Please ask questions about the Swedish approach during question time. I would be happy to discuss some of the issues that were raised earlier during this meeting.

Let me go directly to Bill C-36. I want to first comment on the preamble.

First of all, I will say I'm happy to see that the government is taking action, for the first time in Canadian legal history, to comprehensively address the root cause of prostitution: those who create the demand, those prostitution buyers, those men who are involved as purchasers. I'm also happy that they have intended to target those who profit financially and materially from the exploitation of mainly women in prostitution.

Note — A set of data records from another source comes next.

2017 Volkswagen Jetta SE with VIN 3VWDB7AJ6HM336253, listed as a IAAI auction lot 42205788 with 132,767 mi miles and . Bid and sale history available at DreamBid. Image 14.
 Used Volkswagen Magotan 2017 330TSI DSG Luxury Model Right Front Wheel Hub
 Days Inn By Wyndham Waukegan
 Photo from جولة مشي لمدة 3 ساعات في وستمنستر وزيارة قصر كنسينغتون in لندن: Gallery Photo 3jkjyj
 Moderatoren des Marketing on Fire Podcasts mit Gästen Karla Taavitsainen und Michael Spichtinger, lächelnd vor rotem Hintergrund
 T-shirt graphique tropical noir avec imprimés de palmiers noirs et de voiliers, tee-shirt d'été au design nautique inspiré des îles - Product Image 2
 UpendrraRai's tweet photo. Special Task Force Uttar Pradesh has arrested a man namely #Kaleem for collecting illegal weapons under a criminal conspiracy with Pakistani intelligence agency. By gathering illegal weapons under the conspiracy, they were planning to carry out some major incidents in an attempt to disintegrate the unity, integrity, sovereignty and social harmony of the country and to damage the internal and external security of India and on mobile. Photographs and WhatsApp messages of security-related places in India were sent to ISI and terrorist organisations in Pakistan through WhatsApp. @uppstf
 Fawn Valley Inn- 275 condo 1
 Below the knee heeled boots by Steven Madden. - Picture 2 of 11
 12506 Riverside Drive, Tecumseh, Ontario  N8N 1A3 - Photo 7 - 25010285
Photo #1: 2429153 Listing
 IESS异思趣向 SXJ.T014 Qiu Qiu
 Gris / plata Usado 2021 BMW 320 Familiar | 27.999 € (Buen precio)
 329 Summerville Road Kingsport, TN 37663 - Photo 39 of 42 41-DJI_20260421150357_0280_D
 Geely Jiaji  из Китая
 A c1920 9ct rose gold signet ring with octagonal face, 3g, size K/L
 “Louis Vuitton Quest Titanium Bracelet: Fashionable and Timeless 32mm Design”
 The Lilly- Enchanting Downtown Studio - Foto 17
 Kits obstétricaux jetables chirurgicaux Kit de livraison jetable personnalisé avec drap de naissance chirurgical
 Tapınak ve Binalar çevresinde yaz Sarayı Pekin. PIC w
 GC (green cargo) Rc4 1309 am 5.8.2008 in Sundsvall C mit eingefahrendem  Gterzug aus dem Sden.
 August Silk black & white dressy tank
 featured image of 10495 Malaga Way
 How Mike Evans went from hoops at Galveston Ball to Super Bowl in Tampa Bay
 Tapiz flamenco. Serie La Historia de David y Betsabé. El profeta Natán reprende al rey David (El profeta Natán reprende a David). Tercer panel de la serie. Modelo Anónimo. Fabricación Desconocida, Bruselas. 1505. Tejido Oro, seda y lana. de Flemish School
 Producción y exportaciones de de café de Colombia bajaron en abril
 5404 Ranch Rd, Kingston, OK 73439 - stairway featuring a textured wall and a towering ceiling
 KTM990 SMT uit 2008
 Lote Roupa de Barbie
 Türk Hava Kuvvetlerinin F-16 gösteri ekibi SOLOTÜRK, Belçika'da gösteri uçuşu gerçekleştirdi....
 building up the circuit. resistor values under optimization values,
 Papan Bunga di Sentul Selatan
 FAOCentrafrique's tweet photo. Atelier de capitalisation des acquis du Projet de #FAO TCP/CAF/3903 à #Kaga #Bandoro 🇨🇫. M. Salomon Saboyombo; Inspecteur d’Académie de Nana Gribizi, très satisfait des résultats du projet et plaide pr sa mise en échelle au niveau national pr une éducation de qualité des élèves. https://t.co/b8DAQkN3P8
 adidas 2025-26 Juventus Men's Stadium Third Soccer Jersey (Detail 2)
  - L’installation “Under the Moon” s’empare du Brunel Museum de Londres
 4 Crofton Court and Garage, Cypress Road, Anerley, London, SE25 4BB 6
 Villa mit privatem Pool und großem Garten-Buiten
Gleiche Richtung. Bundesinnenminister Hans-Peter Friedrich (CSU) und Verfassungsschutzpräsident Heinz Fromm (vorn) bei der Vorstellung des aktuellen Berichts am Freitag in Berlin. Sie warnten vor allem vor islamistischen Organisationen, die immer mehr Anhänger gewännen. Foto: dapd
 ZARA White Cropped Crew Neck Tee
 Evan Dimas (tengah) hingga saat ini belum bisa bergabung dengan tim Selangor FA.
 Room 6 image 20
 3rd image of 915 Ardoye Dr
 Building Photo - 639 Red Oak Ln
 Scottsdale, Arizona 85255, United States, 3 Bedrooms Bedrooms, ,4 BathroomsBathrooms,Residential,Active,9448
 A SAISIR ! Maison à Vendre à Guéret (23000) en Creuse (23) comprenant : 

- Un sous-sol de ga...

To ensure effective application of any comprehensive legal framework that aims to prevent and tackle prostitution, it is essential, as we did very clearly in Sweden, to state which values and principles such laws are informed by and rest upon, as the government has attempted to do, at least partly, in the preamble of the bill. What is not visible in this preamble is that prostitution is a gender-specific violation. The majority of the victims are female and the majority of the perpetrators—buyers, pimps and traffickers—are men. We also know that in Canada aboriginal women and girls are highly represented in both indoor and street prostitution. This needs to be reflected.

I recommend that the preamble also include a paragraph that recognizes the international human rights obligations that Canada has under the Convention on the Elimination of All Forms of Discrimination against Women, for example, and also under article 9.5 of the Palermo protocol, which obligates countries to criminalize or discourage the demand for prostitution purposes.

Communication for the purpose to provide a sexual service troubles me deeply, as it does, I think, everyone who is responding to the call to comment on this bill. It is most troubling for me to note that the government decided, despite plenty of evidence provided by survivors of prostitution and human trafficking, academic and community researchers, women's anti-violence organizations, law enforcement, today's witnesses, and some provinces, as to the multiple detrimental effects of criminal or administrative sanctions on those who are exploited in prostitution. Not only are they discriminatory but they are contrary to the human rights obligations that Canada has signed on to.

I believe that instead of facing criminal charges and potential involvement in the criminal justice system, like any other victim of a crime, victims in prostitution should be accorded all the rights and protection available through federal and provincial victim bills of rights, and they should be encompassed and amended in Bill C-36.

I want to underline that in no legal system, no matter what measures are taken, should those who are involved in prostitution be apprehended, fined, prosecuted, and jailed for something that is a crime committed against them, and not by them. So I urge the government to reconsider and remove this offence from Bill C-36.

If the government still wants to ensure that prostitution doesn't exist in public places and close to children, should that be an important aim, the best way to do that is not targeting the victim but targeting those who create the demand for men who buy sexual services. We know that from Sweden. It is an effective way of discouraging men from taking part in purchasing sexual services in the first place. I'm encouraged to see that the government has decided to put into place legislation or an offence that criminalizes the buyers.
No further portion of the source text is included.